=== Source material ===

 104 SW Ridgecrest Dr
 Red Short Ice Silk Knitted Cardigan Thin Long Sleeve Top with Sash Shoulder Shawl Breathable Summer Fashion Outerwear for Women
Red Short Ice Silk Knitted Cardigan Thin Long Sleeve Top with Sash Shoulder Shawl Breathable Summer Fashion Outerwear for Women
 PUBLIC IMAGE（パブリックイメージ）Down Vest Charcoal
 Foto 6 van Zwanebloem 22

===
=== Source material ===

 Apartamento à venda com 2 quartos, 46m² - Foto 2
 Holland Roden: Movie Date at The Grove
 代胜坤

===

What is required
Whenever a line above contains "Sash", copy that line.

Output below
 Red Short Ice Silk Knitted Cardigan Thin Long Sleeve Top with Sash Shoulder Shawl Breathable Summer Fashion Outerwear for Women
Red Short Ice Silk Knitted Cardigan Thin Long Sleeve Top with Sash Shoulder Shawl Breathable Summer Fashion Outerwear for Women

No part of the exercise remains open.